COMMONWEALTH OF MASSACHUSETTS APPEALS COURT
Nov 6, 2014
13-P-969 (Mass. App. Ct. Nov. 6, 2014)

Opinion

13-P-969

11-06-2014

COMMONWEALTH v. MICHAEL CATES.


NOTICE: Decisions issued by the Appeals Court pursuant to its rule 1:28 are primarily addressed to the parties and, therefore, may not fully address the facts of the case or the panel's decisional rationale. Moreover, rule 1:28 decisions are not circulated to the entire court and, therefore, represent only the views of the panel that decided the case. A summary decision pursuant to rule 1:28, issued after February 25, 2008, may be cited for its persuasive value but, because of the limitations noted above, not as binding precedent.
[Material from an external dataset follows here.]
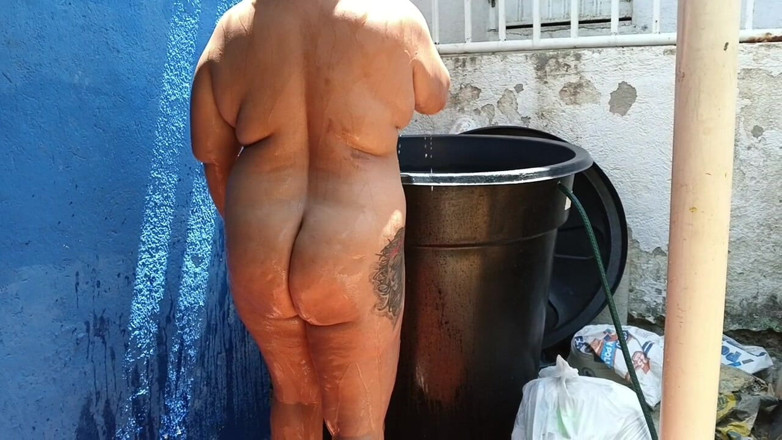 Adribella69: Gordita Culona Le Gusta Mostrar Su Gran Culo Y Teta...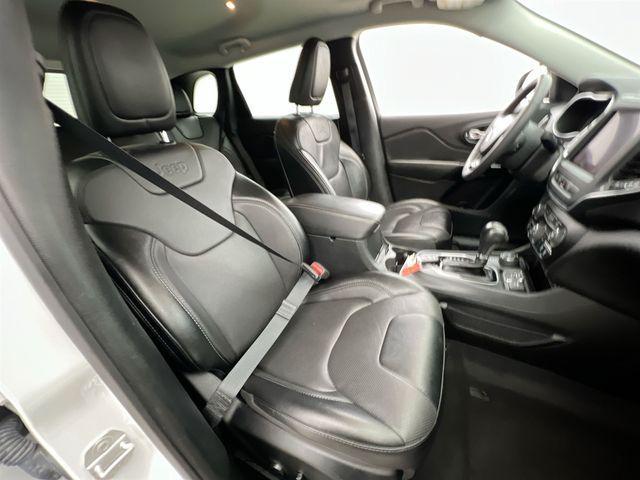 used 2023 Jeep Cherokee car, priced at $29,387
MEMORANDUM AND ORDER PURSUANT TO RULE 1:28

After a jury trial, the defendant was convicted of assault and battery causing serious bodily injury in violation of G. L. c. 265, § 13A(b)(i). On appeal, he claims there was insufficient evidence that the victim suffered a serious bodily injury, the judge improperly permitted the Commonwealth to elicit evidence of gang affiliation, and ineffective assistance of counsel. We affirm.

1. Sufficiency of the evidence. The defendant claims that where neither the victim, nor his treating doctors, nor a medical expert to interpret the victim's medical records, testified, there was insufficient evidence for the jury to conclude that the victim suffered a serious bodily injury. We disagree. The victim's medical records stated that his right eye had been swollen shut for three days prior to his surgery for a "right orbital floor blowout fracture." To correct or treat the eye injury, a titanium reinforced implant was used in the victim's eye socket, which was affixed to the "infraorbital rim" with self-drilling titanium screws. From this evidence, the jury were entitled to rationally conclude that the victim suffered a serious bodily injury due to the "impairment of a bodily function." G. L. c. 265, § 13A(c), inserted by St. 2002, c. 35, § 1. See Commonwealth v. Baro, 73 Mass. App. Ct. 218, 219-220 (2008) (serious bodily injury where victim suffered "orbital blow out fracture" and temporary loss of sight in one eye).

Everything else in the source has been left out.